Written by Dr Hannes Nel, MBL; D. Com; D. Phil

‘Ethnomethodology’ deals with the world of everyday life and issues related to social order by combining experiencing phenomena with sense experience. According to ethnomethodologists, theoretical concerns centre on the process by which common sense reality is constructed in everyday face-to-face interaction.

Ethnomethodology studies the process by which people (subconsciously) formulate and apply certain ‘taken-for-granted’ rules about behaviour which they interpret in an interactive situation to make it meaningful.

Ethnomethodology does not focus on individuals. Its field is the dynamics of social life. The individual is seen and researched as part of a social unit, for example, a community or a group of people who in some way form a coherent unit. Students who study together at a particular university at a certain point in time can be such a coherent unit. Internal processes, emotions, values, beliefs and other psychological phenomena typical of the thought processes of an individual do not form part of ethnomethodology.
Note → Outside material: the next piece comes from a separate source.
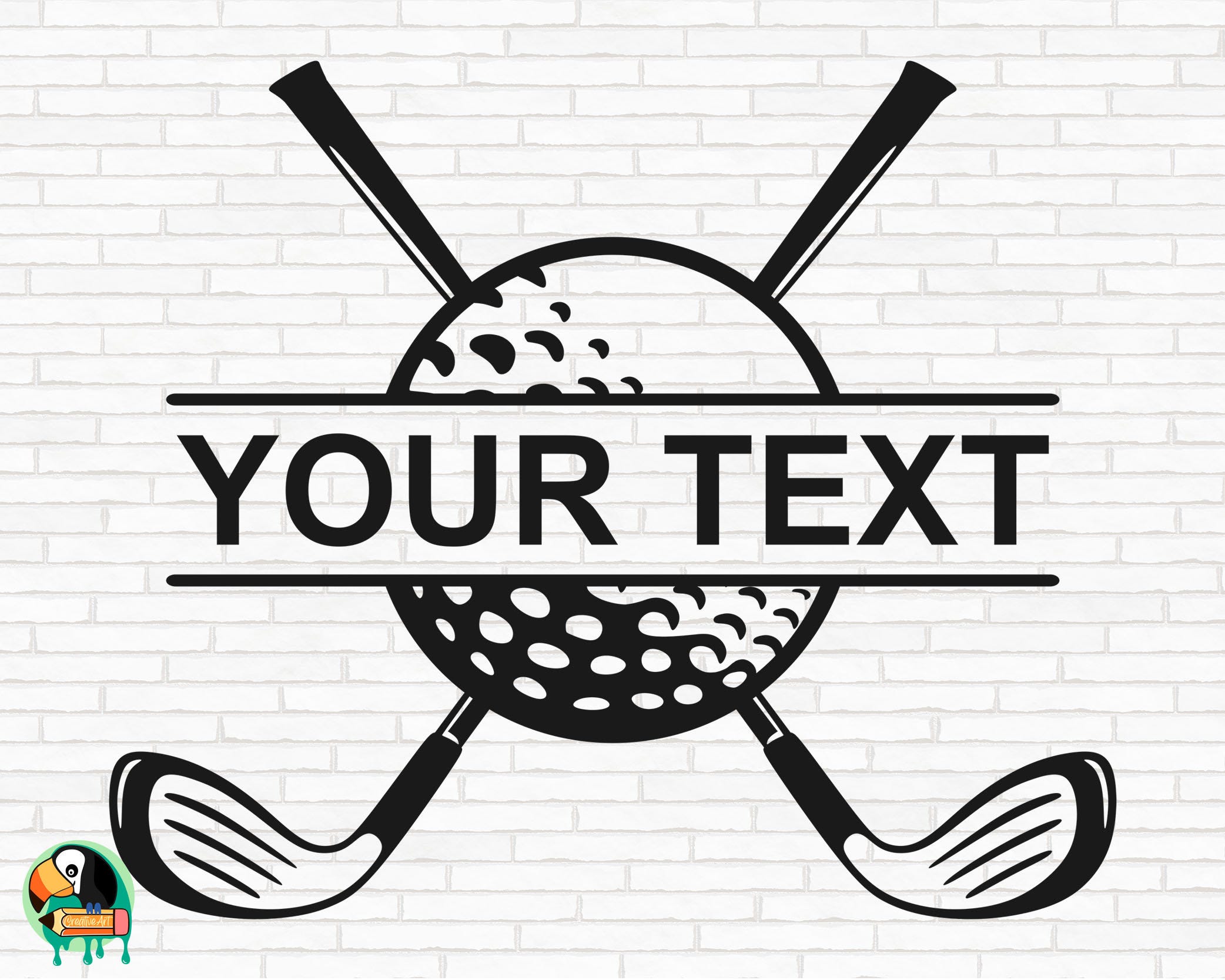 Golf Monogram SVG, Golf Split Frame Svg, Golfing Svg, Golfer Svg, Golf Club Svg, Golf Player Svg, Golf Monogram Cut Files, Cricut, Png, Svg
Because ethnomethodologists are mainly interested in social settings, data collected through interviewing is less valid than data collected through observation in the workplace; and why old newspapers might provide less valid data than observation of a recent event. Data collected by means of interviewing is regarded as artificial, focusing on your research needs instead of the problem being investigated. Interviewing is data collection where you have control over those being interviewed, when what is needed is the observation of the actions of people under natural circumstances, for example, while doing routine work. Observation of everyday life is said to improve the validity of data that is collected.

Ethnomethodology does not formulate rules, laws or descriptions of practices of social groups that generally apply. Knowledge is seen as relevant to a specific context and time.

Ethnomethodology can be associated with constructivism and, indirectly also with hermeneutics, symbolic interactionism, interpretivism and phenomenology, the common denominator is that they all study social phenomena in one way or another.

Ethnomethodology does not fit in well with transformative research, which shows characteristics of and is regarded by some as yet another paradigm. The reason for this is that transformative research uses intangibles such as intuition, serendipity and unpredictable events whereas ethnomethodology deals with everyday life and real observations.

A deficiency of ethnomethodology, at least in the opinions of some academics, is that the investigation of everyday life is too narrow and limited to provide valid and generally applicable knowledge about social interaction, and hardly any theories about the wider interaction between human beings.